I hesitated by the first door on the left. Undid the safety harness and checked my pistol then peeked into the area. Nothing but a couple rows of freestanding units meant just for the few people left in the place. It was so dark and dirty and empty and quiet, even my breathing seemed to echo.

Or was it mine I was hearing?

I started to shake more. I’d been doing that a lot, lately, once I’d realized what I’d got myself into. But no way was I backing down. I carefully slipped inside and crept past row after row of lockers, getting closer and closer to mine. I saw nothing. No one. Just shadows filling the room.

I was sweating now, even though the building was cold. I could actually see my breath whispering in and out, like it was trying to escape. They weren’t even bothering with the heat, anymore. I finally reached my locker and leaned against it, and looked down at my shaking hand...and saw a thin trail of blood whisper over its skin.

Aw, no -- no -- I’d been hit? I’d been shot? Dammit.

I almost fainted but caught myself by slamming my head against the locker. Twice. Again. It hurt, but I was back in control, I fumbled with the lock’s combination, running through it three times and smearing blood all over it before I was able to work it right. When it popped open, the noise bounced off the walls.

I heard that shuffling sound, again, and froze to listen.
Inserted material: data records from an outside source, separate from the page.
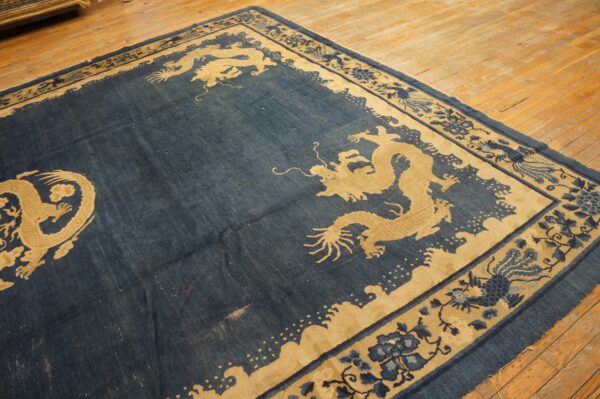 Low-pile indigo rug featuring large tan dragon motifs and a complex patterned border on hardwood floors.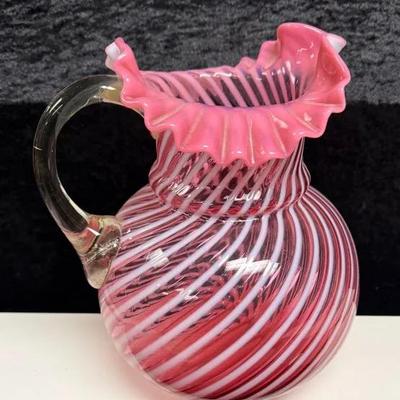 Fenton Cranberry Opalescent Swirl pitcher.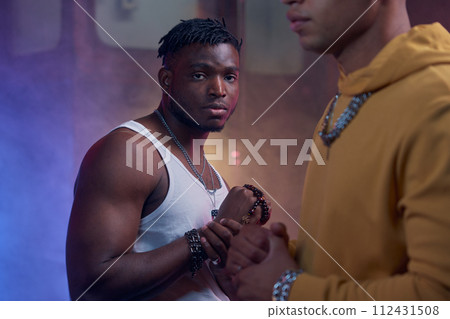 Portrait of cool high hop gangsters in dark city street 112431508
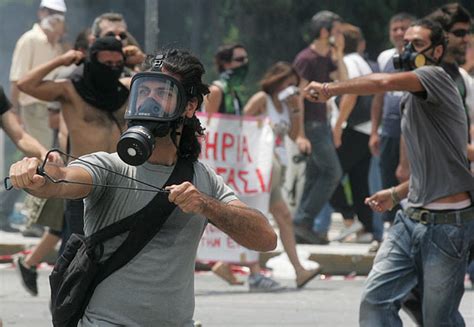 Greek Riot Police Fire Tear Gas At Stone Throwing Protesters In Athens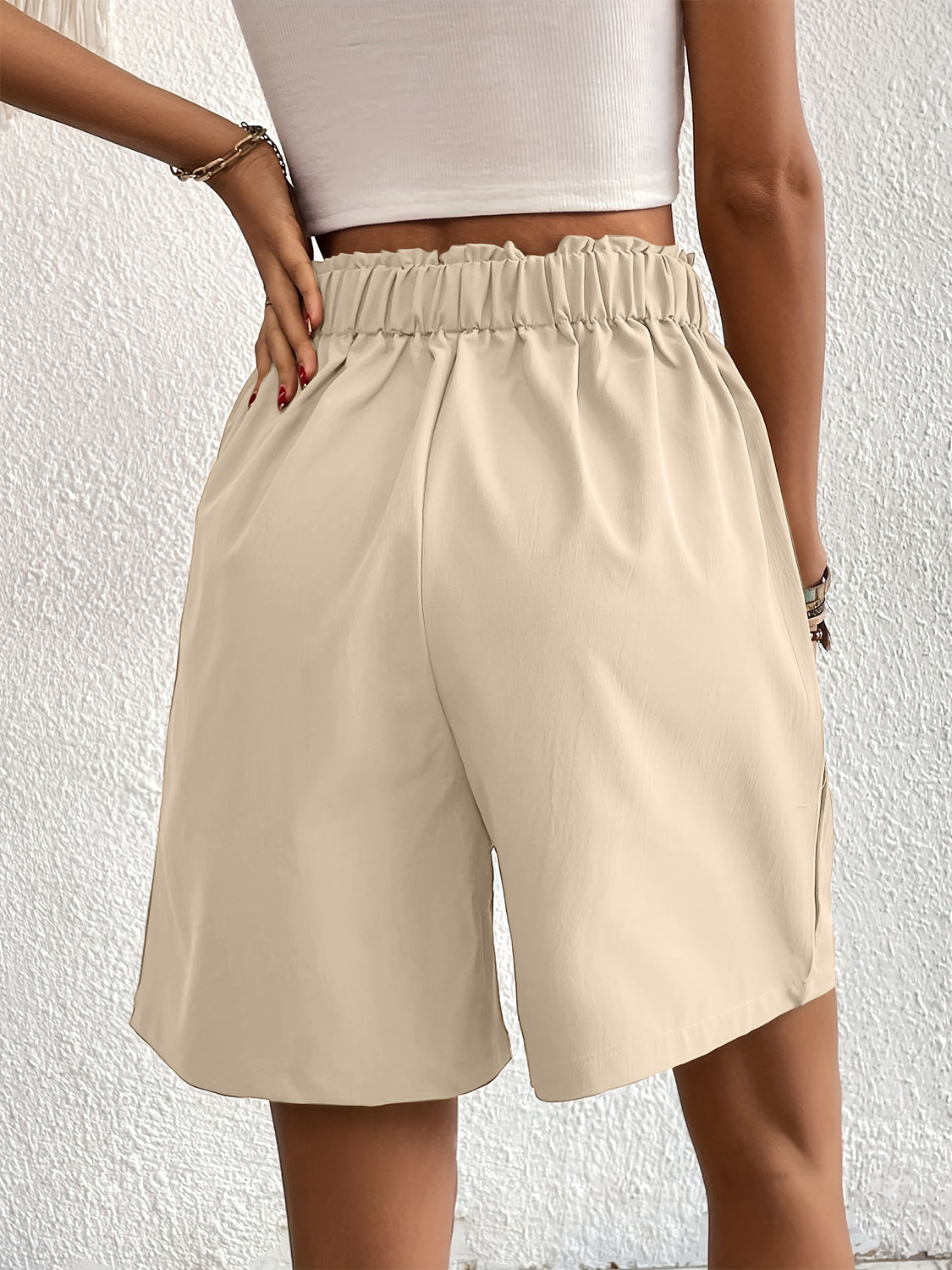 Beige pleated front bermuda shorts with elastic waistband and side pockets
Nothing but silence. Not even breathing.

I slowly pulled off my coat. It didn’t hurt, but something was pulling sharp against my left shoulder. I checked it and saw the shirt to my uniform was soaked with sweat -- and blood. I wiped my face. Blood smeared over it.

God, I wanted a shower. I wanted a shower so bad. Clean the blood off and warm me and --

I heard the shuffling sound, again. Closer. I started to quake, inside. But then I thought, Maybe it’s my partner come looking for me.

“Bobby?” I called. “Bobby, that you?”

Nothing. Not even the shuffling. Until a whisper of a sound came from my right. I turned to find a gunman standing at the end of the lockers, raising a pistol!

Everything clicked into slow-motion as I yanked out my service revolver, dropped to one knee and fired at him.

My first shot hit his left knee. The second ripped through his thigh. Two more hit an arm and a shoulder.

He got a couple of shots off at me and I felt something punch my side, but then he crashed against an office wall and landed in a sitting position, his leg twisted under him.

I rose slowly, carefully, in complete disbelief, and inched up to him, pistol ready but shaking in my bloody hands, barely under control and hoping to God he wasn’t gonna make another move. I heard voices approaching. Footsteps running. Echoing. So far away and I wished they’d get here, already and --

The guy lifted his gun, unsteady.

I fired, again. The bullet exploded through his skull.

Blood splattered over me. Covered me. I collapsed, about ready to pass out -- and then I saw it.

I saw the gunman’s gold shield.

He was a cop.

A detective!

A uniform had just shot a top dog in police headquarters!

“Man, there’s gonna be hell to pay for that,” I thought as I dropped to my knees and quietly drifted towards darkness.